*Supplied information*:
---*---
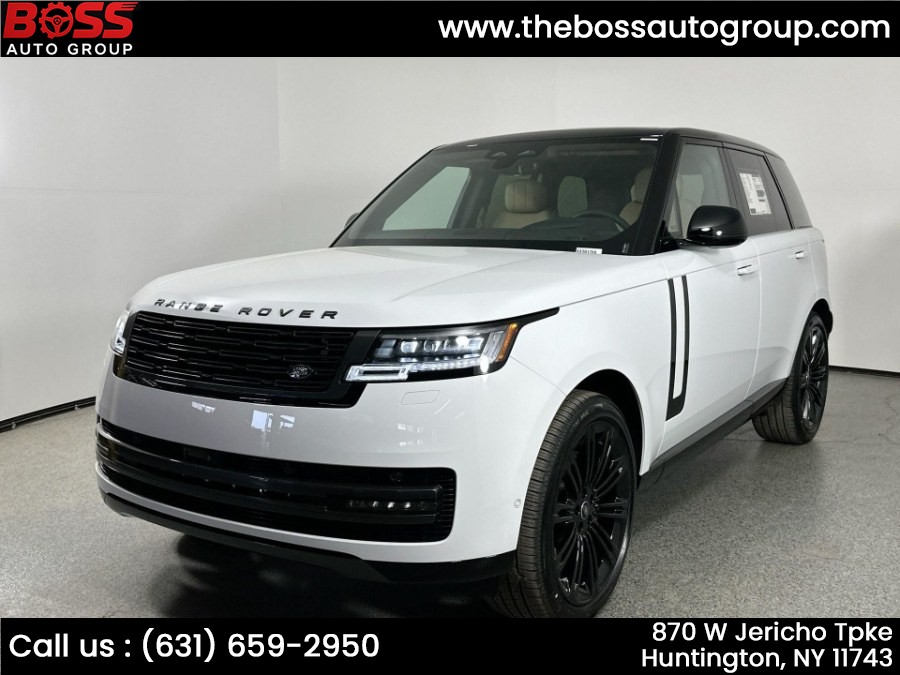 New 2026 Land Rover Range Rover in Huntington, New York | The Boss Auto Group. Huntington, New York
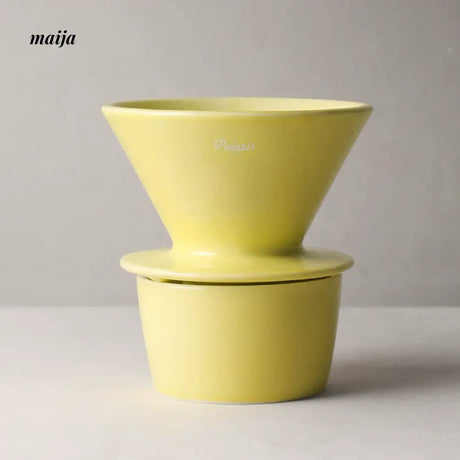 JOTO Handmade Arctic Ceramic Filter V60 Candy Colored Cup from JOTO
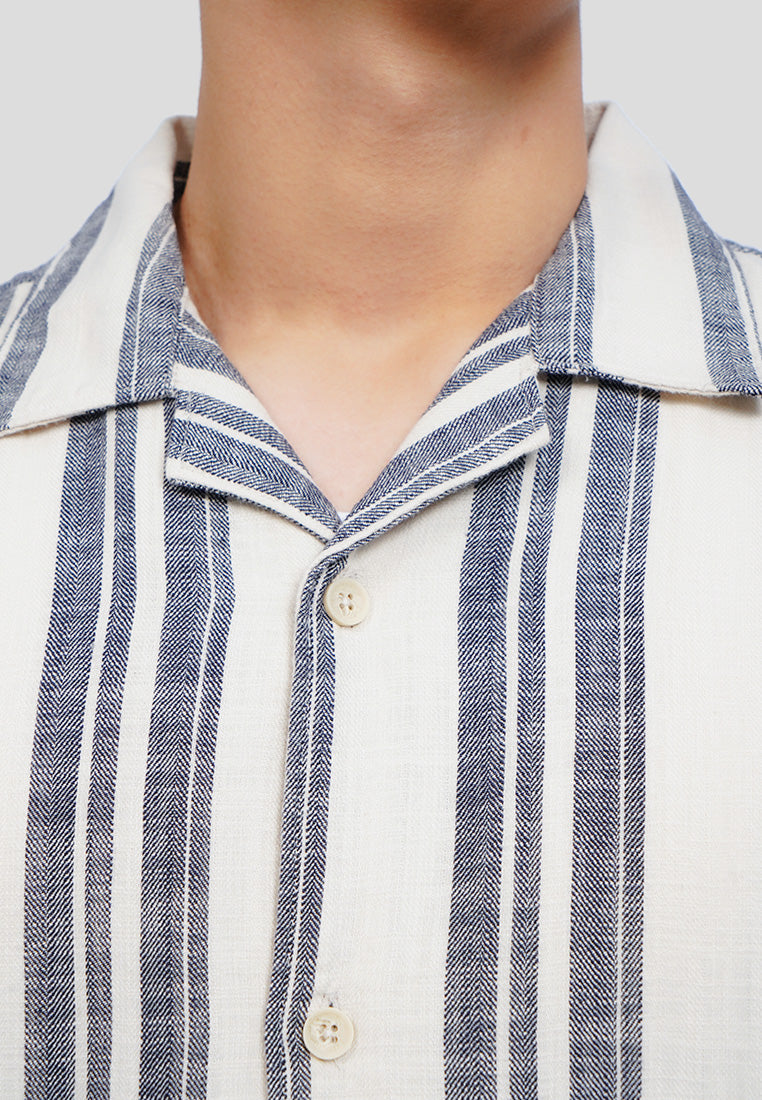 Linen Look Resort Shirt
---*---
*What needs to be done*: Everything in the data except the pictures needs to be written out exactly.

*Completed task*:
 New 2026 Land Rover Range Rover in Huntington, New York | The Boss Auto Group. Huntington, New York
 JOTO Handmade Arctic Ceramic Filter V60 Candy Colored Cup from JOTO
 Linen Look Resort Shirt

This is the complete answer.